■ DESCRIPTION OF THE TASK
Once the pictures are set aside, reproduce the remaining data exactly.

■ SUPPLIED DATA
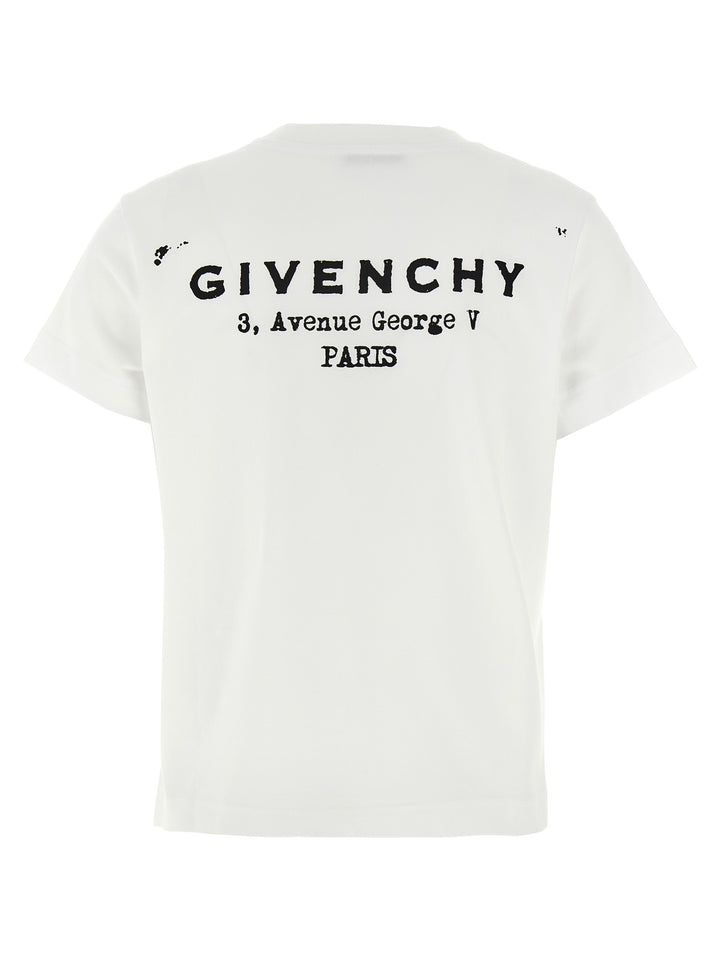 Givenchy Givenchy Stamp T-shirt - White/Black | 1dc822eb8dfad18a28273aabb4706bd17c30c521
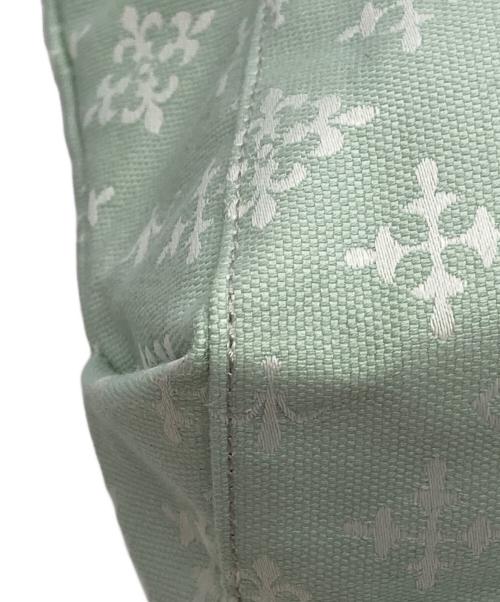 russet（ラシット）russet (ラシット) コットンジャガードショッパーバッグ グリーンの古着・服飾アイテム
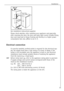 Page 9Installation
35
See installation instructions supplied.
Please check whether, after installing your appliance and especially
after reversing the door, the door seal seals right round. A badly fitting
door seal may lead to heavy frosting and thereby to a higher power
consumption (see also ãWhat to do if...Ò).
Electrical connection
A correctly installed, earthed socket is required for the electrical sup-
ply. The supply must have a fuse rating of at least 10 Amps. If the
socket is not accessible once the...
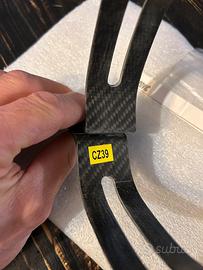 Fascetta in carbonio per scarico akrapovic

■ TASK ANSWER
 Givenchy Givenchy Stamp T-shirt - White/Black | 1dc822eb8dfad18a28273aabb4706bd17c30c521
 russet（ラシット）russet (ラシット) コットンジャガードショッパーバッグ グリーンの古着・服飾アイテム
 Page 9Installation
35
See installation instructions supplied.
Please check whether, after installing your appliance and especially
after reversing the door, the door seal seals right round. A badly fitting
door seal may lead to heavy frosting and thereby to a higher power
consumption (see also ãWhat to do if...Ò).
Electrical connection
A correctly installed, earthed socket is required for the electrical sup-
ply. The supply must have a fuse rating of at least 10 Amps. If the
socket is not accessible once the...
 Fascetta in carbonio per scarico akrapovic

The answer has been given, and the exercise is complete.